● Task goal
What is the number of lines in these records that hold the word "Toyota"? Reply with that number alone.

● Supplied records
--------

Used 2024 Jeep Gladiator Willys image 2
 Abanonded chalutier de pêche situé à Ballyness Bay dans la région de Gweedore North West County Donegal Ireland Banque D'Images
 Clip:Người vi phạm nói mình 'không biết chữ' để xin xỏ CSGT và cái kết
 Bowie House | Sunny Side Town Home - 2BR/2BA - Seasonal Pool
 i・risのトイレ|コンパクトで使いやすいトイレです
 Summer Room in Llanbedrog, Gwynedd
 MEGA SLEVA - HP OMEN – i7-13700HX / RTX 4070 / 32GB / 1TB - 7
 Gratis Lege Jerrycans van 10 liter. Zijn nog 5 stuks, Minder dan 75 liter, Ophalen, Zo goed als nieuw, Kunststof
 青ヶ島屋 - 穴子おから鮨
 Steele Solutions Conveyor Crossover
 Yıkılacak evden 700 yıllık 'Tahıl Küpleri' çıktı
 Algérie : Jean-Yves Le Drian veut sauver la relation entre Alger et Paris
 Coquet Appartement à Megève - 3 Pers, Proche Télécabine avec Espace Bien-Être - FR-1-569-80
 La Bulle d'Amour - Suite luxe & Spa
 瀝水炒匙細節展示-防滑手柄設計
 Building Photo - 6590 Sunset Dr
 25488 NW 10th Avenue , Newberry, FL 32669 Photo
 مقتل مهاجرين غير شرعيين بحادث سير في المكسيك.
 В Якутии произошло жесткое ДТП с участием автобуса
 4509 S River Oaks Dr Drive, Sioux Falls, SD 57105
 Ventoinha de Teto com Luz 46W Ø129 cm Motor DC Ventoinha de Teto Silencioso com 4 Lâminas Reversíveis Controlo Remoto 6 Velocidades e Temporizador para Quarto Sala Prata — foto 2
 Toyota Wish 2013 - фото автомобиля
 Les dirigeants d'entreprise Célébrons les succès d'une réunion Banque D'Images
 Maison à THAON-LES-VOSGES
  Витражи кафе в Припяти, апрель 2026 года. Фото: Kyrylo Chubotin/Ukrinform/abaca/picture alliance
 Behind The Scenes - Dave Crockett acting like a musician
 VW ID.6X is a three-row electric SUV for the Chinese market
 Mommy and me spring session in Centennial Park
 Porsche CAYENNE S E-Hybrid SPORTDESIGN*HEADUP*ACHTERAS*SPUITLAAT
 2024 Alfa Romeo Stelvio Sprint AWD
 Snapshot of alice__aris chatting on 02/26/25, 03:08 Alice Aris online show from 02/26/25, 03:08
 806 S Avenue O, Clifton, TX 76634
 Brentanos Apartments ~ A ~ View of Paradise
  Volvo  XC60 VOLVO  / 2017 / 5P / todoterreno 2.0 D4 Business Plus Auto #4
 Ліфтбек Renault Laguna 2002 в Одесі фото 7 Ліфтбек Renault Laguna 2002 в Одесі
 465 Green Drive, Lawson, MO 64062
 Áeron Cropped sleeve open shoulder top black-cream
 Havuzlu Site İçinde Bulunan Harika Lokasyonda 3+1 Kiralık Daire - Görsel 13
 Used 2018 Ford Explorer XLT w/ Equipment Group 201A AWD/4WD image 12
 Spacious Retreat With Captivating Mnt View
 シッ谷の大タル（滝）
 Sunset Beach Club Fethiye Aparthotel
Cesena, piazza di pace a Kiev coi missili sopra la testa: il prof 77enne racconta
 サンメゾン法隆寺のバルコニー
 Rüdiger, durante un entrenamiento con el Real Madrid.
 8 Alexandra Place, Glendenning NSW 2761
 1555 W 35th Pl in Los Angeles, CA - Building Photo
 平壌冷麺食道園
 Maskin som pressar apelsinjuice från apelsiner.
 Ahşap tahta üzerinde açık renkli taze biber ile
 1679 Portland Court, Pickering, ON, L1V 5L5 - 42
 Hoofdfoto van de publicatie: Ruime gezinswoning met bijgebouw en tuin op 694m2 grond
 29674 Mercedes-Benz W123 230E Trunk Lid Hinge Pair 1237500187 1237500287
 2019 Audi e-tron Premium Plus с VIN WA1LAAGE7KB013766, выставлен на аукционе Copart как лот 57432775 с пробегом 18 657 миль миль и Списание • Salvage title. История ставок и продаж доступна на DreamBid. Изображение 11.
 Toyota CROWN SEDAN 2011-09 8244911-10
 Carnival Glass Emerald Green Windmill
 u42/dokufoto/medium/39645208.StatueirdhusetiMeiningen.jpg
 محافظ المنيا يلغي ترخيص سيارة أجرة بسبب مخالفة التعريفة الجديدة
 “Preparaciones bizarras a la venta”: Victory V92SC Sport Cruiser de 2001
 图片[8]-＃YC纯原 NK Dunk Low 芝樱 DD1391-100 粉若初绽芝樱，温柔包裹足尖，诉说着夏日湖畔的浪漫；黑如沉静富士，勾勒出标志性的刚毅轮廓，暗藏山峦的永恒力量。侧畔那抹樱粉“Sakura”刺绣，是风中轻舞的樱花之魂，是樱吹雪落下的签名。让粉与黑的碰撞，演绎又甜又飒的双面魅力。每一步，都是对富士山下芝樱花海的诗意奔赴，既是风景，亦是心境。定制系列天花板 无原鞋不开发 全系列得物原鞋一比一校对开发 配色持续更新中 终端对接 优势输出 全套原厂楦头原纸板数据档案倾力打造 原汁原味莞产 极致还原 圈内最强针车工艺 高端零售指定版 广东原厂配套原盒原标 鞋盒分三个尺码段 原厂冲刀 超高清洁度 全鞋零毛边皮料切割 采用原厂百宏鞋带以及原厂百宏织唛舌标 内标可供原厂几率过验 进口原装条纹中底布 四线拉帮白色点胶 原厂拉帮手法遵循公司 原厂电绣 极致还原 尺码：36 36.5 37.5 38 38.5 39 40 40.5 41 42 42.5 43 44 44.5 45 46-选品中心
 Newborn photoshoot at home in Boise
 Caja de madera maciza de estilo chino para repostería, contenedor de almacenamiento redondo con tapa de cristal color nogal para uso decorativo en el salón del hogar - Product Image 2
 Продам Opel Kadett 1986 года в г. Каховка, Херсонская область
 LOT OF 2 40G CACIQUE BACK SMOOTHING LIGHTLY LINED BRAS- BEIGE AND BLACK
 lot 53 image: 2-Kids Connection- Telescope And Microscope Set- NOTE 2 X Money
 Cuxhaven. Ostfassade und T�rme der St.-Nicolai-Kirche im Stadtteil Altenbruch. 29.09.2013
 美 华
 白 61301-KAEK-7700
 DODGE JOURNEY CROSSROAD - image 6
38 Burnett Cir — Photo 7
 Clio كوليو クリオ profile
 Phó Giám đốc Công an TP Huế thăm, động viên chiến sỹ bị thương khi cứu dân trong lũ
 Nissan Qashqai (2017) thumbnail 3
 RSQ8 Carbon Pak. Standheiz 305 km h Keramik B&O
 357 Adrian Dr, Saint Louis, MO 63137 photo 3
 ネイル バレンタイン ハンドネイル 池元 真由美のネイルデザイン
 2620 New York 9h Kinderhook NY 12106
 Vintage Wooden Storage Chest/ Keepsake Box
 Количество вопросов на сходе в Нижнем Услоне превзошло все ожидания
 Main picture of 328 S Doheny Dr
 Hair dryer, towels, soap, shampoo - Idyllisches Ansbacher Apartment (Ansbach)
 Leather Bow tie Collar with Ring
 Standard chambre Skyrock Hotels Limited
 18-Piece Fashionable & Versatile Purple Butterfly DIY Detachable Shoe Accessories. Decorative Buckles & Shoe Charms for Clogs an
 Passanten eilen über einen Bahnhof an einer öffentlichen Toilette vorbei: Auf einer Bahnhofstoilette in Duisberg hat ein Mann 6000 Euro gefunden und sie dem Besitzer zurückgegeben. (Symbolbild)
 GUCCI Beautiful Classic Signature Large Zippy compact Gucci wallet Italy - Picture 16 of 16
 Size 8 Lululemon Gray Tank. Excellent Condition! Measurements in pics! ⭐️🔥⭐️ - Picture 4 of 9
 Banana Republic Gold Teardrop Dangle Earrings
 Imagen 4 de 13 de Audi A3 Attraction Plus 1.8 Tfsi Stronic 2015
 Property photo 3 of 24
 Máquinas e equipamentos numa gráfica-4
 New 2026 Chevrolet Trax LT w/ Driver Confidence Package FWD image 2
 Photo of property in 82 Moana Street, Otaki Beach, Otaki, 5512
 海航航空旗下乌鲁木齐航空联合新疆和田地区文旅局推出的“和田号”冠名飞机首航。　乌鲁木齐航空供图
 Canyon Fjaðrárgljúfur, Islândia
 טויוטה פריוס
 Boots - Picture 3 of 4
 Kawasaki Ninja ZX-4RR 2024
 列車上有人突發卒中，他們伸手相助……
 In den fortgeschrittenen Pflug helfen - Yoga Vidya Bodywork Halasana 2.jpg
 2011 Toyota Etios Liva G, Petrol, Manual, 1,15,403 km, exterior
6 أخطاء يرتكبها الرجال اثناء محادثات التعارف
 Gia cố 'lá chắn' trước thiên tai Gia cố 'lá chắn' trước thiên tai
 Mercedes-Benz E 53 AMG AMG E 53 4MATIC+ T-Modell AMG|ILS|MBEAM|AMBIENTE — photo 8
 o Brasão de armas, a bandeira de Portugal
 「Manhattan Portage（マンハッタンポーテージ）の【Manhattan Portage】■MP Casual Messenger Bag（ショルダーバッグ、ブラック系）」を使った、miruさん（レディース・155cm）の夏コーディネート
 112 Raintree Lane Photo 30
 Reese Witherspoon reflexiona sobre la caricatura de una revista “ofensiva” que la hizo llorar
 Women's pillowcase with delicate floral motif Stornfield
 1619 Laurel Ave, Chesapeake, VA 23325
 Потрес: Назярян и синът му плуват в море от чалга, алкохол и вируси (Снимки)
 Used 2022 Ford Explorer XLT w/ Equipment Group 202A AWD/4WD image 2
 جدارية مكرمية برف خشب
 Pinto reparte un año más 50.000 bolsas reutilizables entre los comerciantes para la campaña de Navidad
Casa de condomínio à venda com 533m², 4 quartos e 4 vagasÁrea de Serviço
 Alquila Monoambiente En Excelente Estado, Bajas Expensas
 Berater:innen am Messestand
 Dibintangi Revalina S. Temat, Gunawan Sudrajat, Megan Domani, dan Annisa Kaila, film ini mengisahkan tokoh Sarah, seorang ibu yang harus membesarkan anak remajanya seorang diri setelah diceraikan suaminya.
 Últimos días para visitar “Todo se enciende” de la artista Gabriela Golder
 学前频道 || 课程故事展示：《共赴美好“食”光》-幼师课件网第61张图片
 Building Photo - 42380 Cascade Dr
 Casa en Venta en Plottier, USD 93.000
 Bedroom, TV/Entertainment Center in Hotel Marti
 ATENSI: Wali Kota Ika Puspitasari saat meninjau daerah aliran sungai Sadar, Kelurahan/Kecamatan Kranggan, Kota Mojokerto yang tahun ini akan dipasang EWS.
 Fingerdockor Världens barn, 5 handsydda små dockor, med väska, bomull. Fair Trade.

--------

● Response to the exercise
3